Given such a mass of data, the easiest way to aggregate and make sense of it has been to measure the search terms that are most popular. Indeed, the BBCi homepage has a panel displaying the three most popular search terms of the moment, and an editorial and taxonomy team at the BBC constantly monitor the searches gaining high volume in order to match the correct content to them.
The team use reports that are generated hourly, daily and weekly to monitor the activity of the users. An hourly email alert identifies developing trends in the search terms, and specialist reports focus on trends within searches that have been generated specifically on the BBC News & BBC Sport sites. Daily lists of the most popular search terms from both the site as a whole, and the homepage websearch are generated, and weekly summaries focus on searches that originate in specific content areas of the site like Food or Cult TV.
However, it became clear that the searches that make the top 500 searches of the day are not necessarily representative of search behaviour as a whole. The majority of users on BBCi put something unique into the search box, and 80% of the users of the service put in search terms that never appear on any of the statistical reports, because they only happen once or twice during the course of a day.
I therefore wanted to find out what it was that this vast majority of users were actually doing on the service, and had to find a way of analysing their behaviour without relying on our existing model of aggregating popular search terms.
One way to go about this was to isolate one individual day, and to analyse in depth the searches that had been made. The log files collected by the search service contain information not only on the terms used, but on the time the search took place, and the area of the site that the search originated from.
I chose Wednesday December 11th, as it was a weekday, during UK school terms, and there were no major breaking news stories or broadcast events to dominate results. A school term weekday is the most typical day of the year, and so the most typical use of the service - since the school calendar affects traffic to BBCi web services.
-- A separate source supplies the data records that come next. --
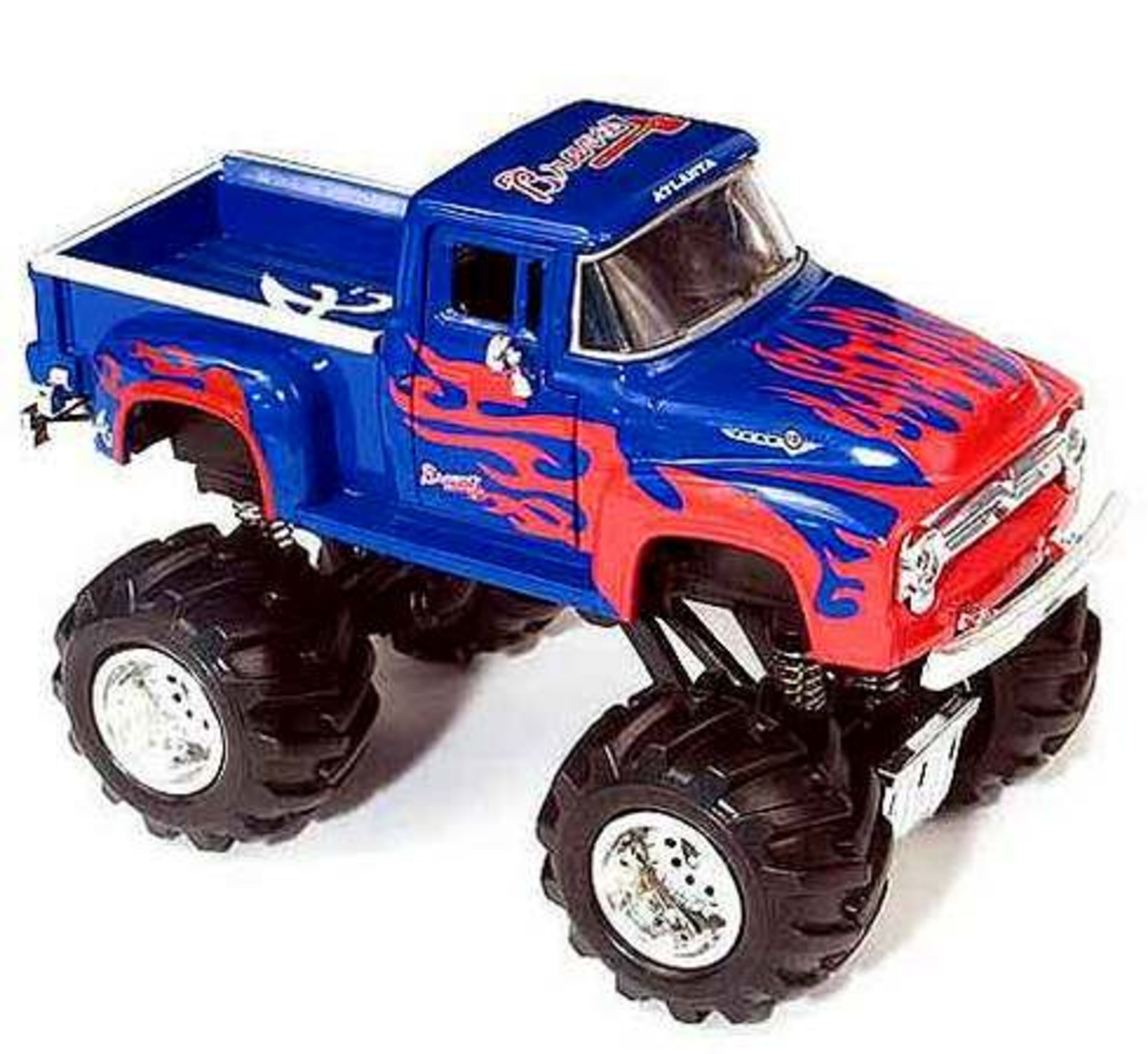 Monster trucks and the Braves do go together in this official Atlanta Braves 56 Ford F-100 Monster Truck model that is available at shop.mlb.com for $19.99.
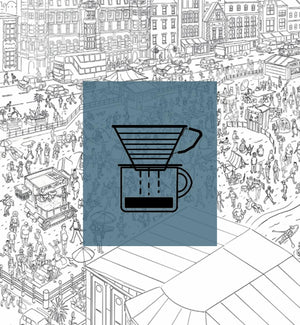 Kalita Wave brewing coffee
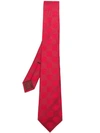 GUCCI GUCCI ROARING TIGER PATTERNED TIE - RED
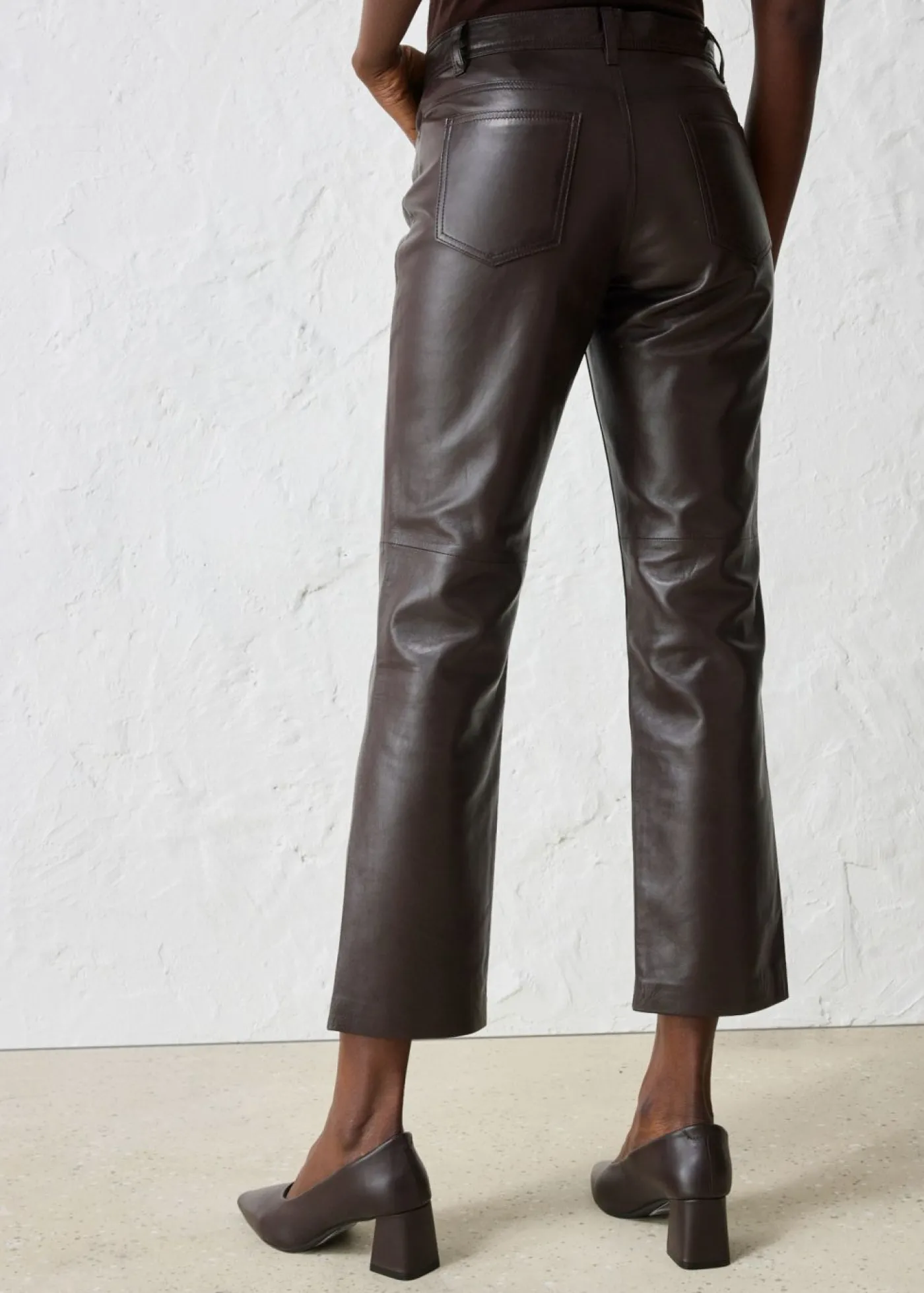 bonprix bonprix Pantalón de napa de borrego Marrón oscuro Outlet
I also know from experience that search behaviour is affected by large breaking news stories, for example the loss of the space shuttle Columbia, or major UK broadcast events, like Test The Nation or the launch of BBC3.
To analyse the search terms I took 10 separate 6 minute samples from the log files, at different times of day, from 1am to 10pm. This was still too much information to classify, so I reduced the information to searches that had been made from the BBCi homepage at www.bbc.co.uk, and the searches that were made from the 404 error page. These are the most context neutral pages on the site, and reduced the amount of information I had to deal with down to a considerable but manageable 15,000 search terms.
I then took further 1 minute samples across the whole service to ensure that the data I was using was representative, and classified as a control sample an additional 3,000 search terms, to ensure that searches from the homepage and the 404 error page were representative of the usage of the service as a whole.
I measured the search activity on the day both in quantities using Perl scripts and spreadsheets, and by the hand-classification of individual search terms.